На площади люди собирались у костров, чтобы согреться и раздавали друг другу еду и горячий чай. Видимо, у монумента остались самые преданные митингу люди. Площадь стала хуже, чем днём, везде был дым от костров и горящего акимата, сожженные авто, горы мусора. Среди присутствующих было много адекватных людей, но явно не способных остановить группу мародеров. Я десять минут слушал пожилую женщину, которая говорила, что не нужно мусорить и творить беспредел, что так мы ничего не добьемся, и что будущим поколениям ещё жить в стране, которую мы разрушаем.

По пути домой увидел пару, которая выбежала из магазина Salomon с новыми кроссовками. Я заходил в каждое разграбленное заведение, снимал видео и кричал, нужна ли кому-то помощь. В ответ слышал лишь пиканье выведенной из строя системы безопасности и натыкался на мародеров. Один даже позвал меня помочь ему с чем-то, но мне не нужны были проблемы.

Я повидал достаточно за эти дни.
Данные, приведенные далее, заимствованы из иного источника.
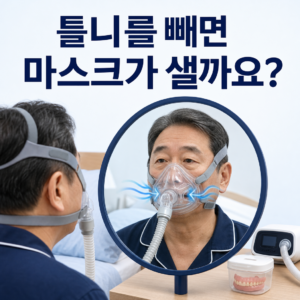 틀니를 빼고 자는 사람이 양압기 마스크의 볼 주변 누출을 확인하는 모습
Понимаю, что в беспорядках, возможно, виноваты люди во власти или боевики. Очень жаль людей, которые потеряли близких, бизнес или автомобиль. Конечно, все это, кроме людей, можно вернуть. Родным погибших остается только ценить память.

Где народ, который отражал атаки захватчиков, ценил каждого и славился гостеприимством? Это та пара, что убегала из спортмагазина? Или те парни, которые вымогали телефоны у курсантов? Кто-то скажет, что так делают не от хорошей жизни, но ради чего они это делали? Ради того, чтобы другие начали творить беспорядки вслед за провокаторами и мародерами? Чтобы улицы были похожи на свалку? Были и те, кто сохранил трезвость разума, но они были в меньшинстве. Хорошая жизнь — это колоссальная работа тысяч людей, которые действуют осознанно и не во вред другим.